[Editor’s Note: Farmers can now use drones to spray crops.]
This post originally appeared on http://www.zdnet.com/article/queensland-amends-legislation-to-allow-drone-use-on-farms/.
The Queensland government has announced amended legislation that now allows the state’s farmers to use drones to spray their crops.
Acting Agriculture Minister Bill Byrne said the changes to the Agricultural Chemicals Distribution Control Act 1966 and the regulations that underpin it will give Queensland farmers access to the most “innovative aerial spraying technology” available.
“The government is keen to give our producers all the advantages made available by advances in technology,” Byrne said. “The improvements to the legislation provide Queensland producers with cost effective options for crop protection.”
Byrne expects the technology to be especially useful for chemical application in areas with limited access or difficult terrain, noting that where conventional equipment cannot be used, spraying from an unmanned aerial vehicle (UAV) represents a safe and effective option.
“This includes cropping situations as well as spraying weeds or pests where conventional ground-based technology or aerial application is unsuitable for the situation,” he said.
“I believe it is important to harness new and emerging technologies where possible and make them available to our producers, to provide new and improved ways to operate.”
Under the amended legislation, both producers and contractors using UAVs will be required to comply with all label instructions when applying agricultural chemical products, as well as obtain required licences.
The legislation also requires that UAV spraying operations are only performed by pilots who are authorised by the Civil Aviation Safety Authority (CASA) and hold qualifications that demonstrate a suitable level of chemical application competency, Byrne explained.
The Queensland government announced a AU$1 million investment in remotely piloted aircraft (RPA) technology in July, expected to benefit the LNG, agriculture, mining, energy, telecommunications, search and rescue, and environmental management industries.
In addition to the cash injection, the state government partnered with aerospace giant The Boeing Company, in conjunction with Boeing subsidiary Insitu Pacific, Shell’s QGC project, and Telstra to further the drone research.
“The project aims to capitalise on the capabilities inherent in drones to carry out remote-monitoring and inspection of key infrastructure and data analysis to allow for better decision-making,” Queensland Premier Annastacia Palaszczuk said at the time.

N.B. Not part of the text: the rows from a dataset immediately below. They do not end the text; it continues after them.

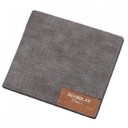 Men's Wallet M458 4
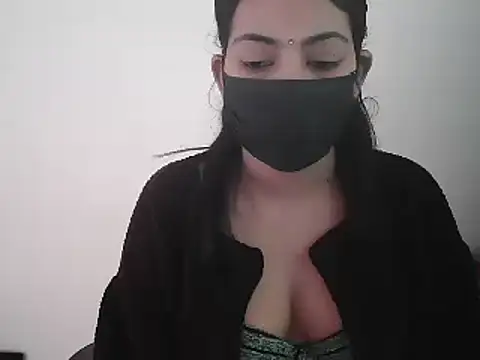 Reddy Trisha online show from 02-02-25, 04:26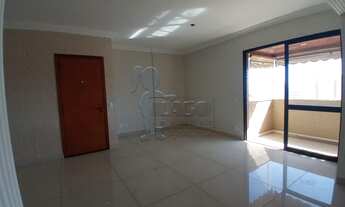 Imagem 4: Apartamento Padrão em Ribeirão Preto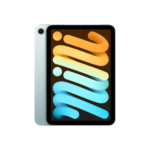 Apple iPad Mini 8.3 " - Image 10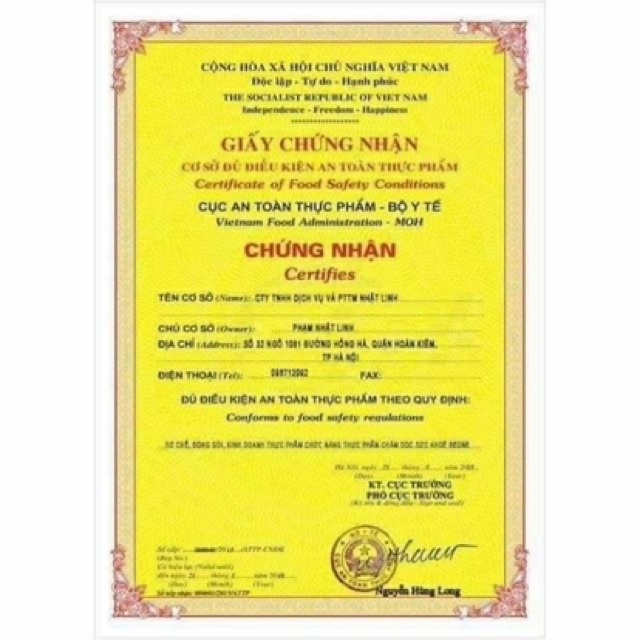 Ngũ Cốc Dinh Dưỡng Beone Tăng Cân- Lợi Sữa 500G | BigBuy360 - bigbuy360.vn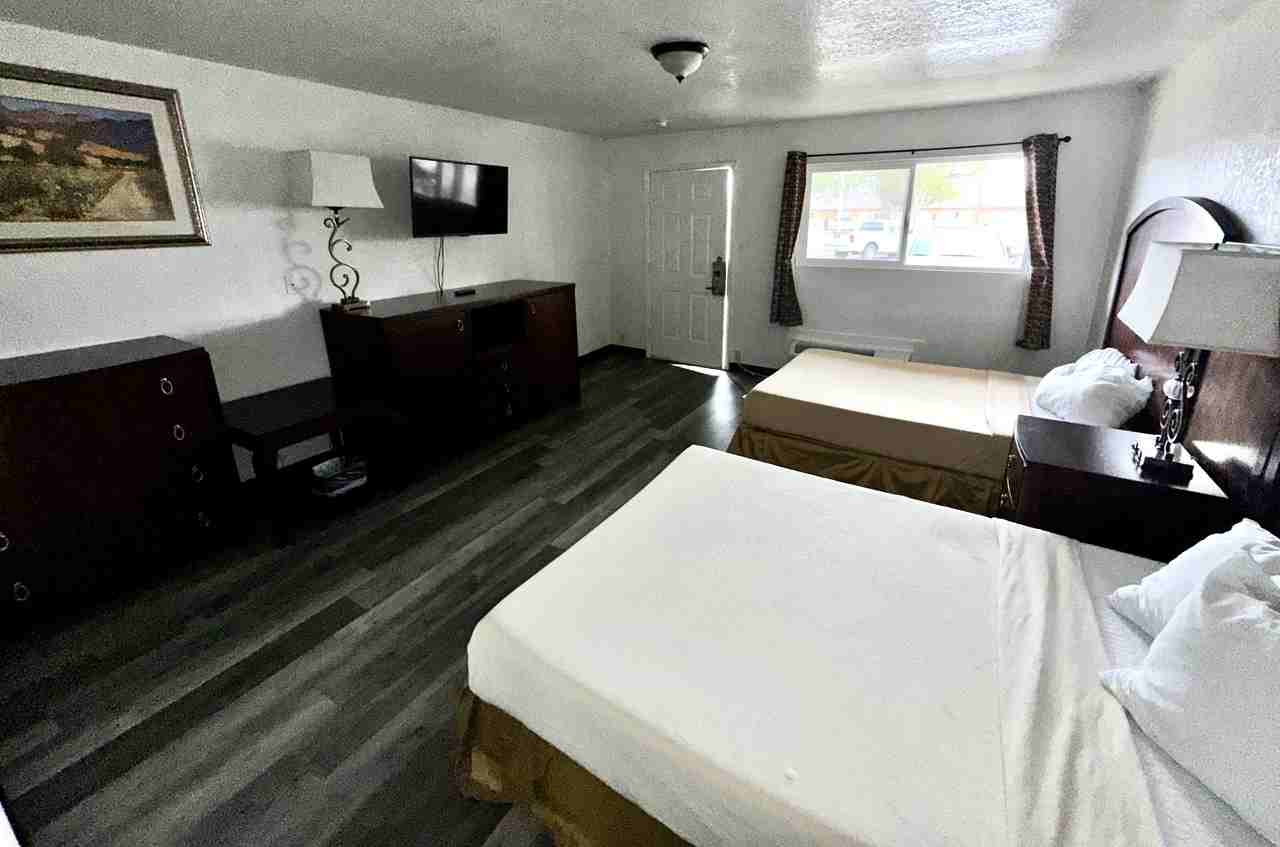 2530 Bloomfield Hwy #186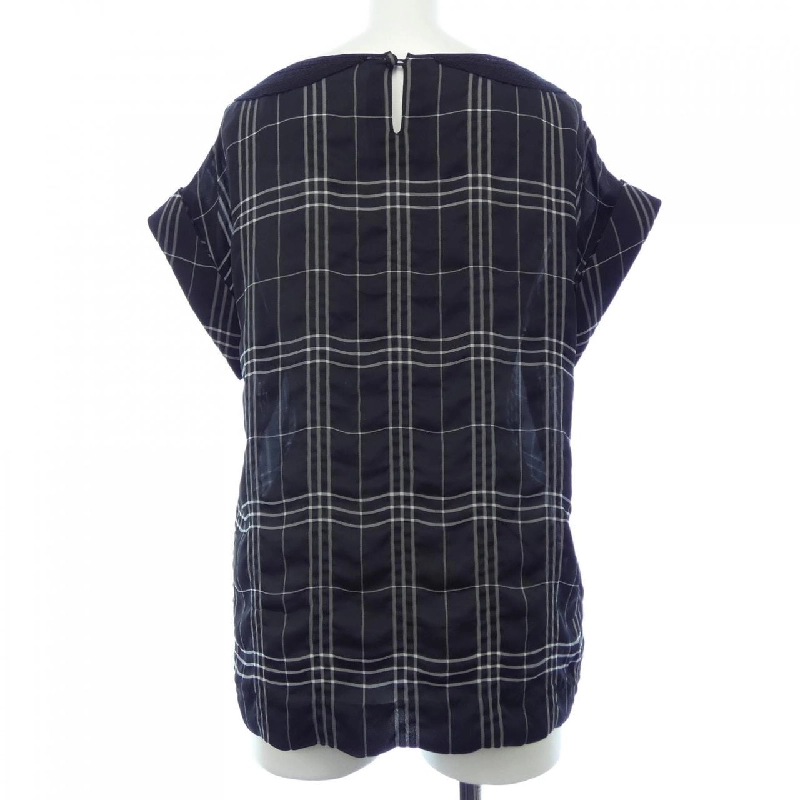 ICB Tops - Hàng hiệu Chính hãng 627265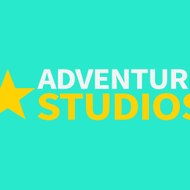 Adventure Studio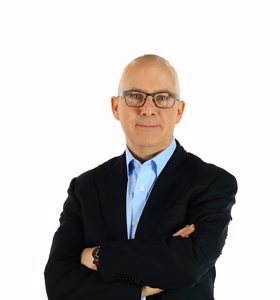 Brad Montgomery - Elevate your team's performance with Brad Montgomery. Award-winning keynote speaker unlocking the secrets to achieving more together.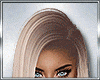 E Blond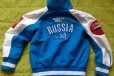 Новый Спортивный костюм Bosco Sport 98р в городе Барнаул, фото 3, стоимость: 2 000 руб.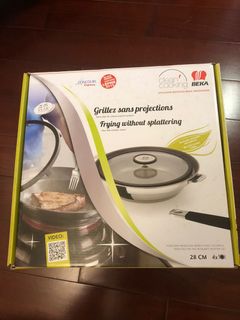 （分類：）位於 。 由 gs733 提交（商品編號 1090168345，圖片 1）。簡介： 。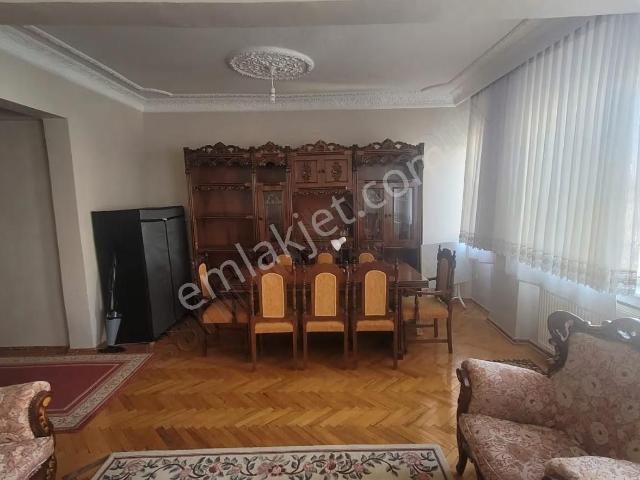 Tepebaşi, Eskişehir içerisinde satılık mülk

The investment from the Queensland government was paid for out of the state’s AU$405 million Advance Queensland kitty, which was handed an additional AU$225.2 million in the 2016-17 Budget.
As of September this year, commercial operators of “very small remotely piloted aircraft” were no longer required to obtain a number of regulatory approvals to fly their unmanned vehicles under new regulations approved by the Australian government in April.
Under the changes, the government also gave the directive to drop the terms “drone” and “UAV” and replace them with remotely piloted aircraft to align itself with International Civil Aviation Organization terminology.
The changes apply to RPA used in commercial operations weighing less than 2 kilograms maximum take-off weight, and under the new rules, drone operators need to notify CASA that they intend to fly their aircraft and adhere to a set of standard operating conditions, which include flying only during the day within a visual line of sight, below 120 metres; keeping more than 30 metres away from other people; flying more than 5.5 kilometres from controlled aerodromes; and not operating near emergency situations.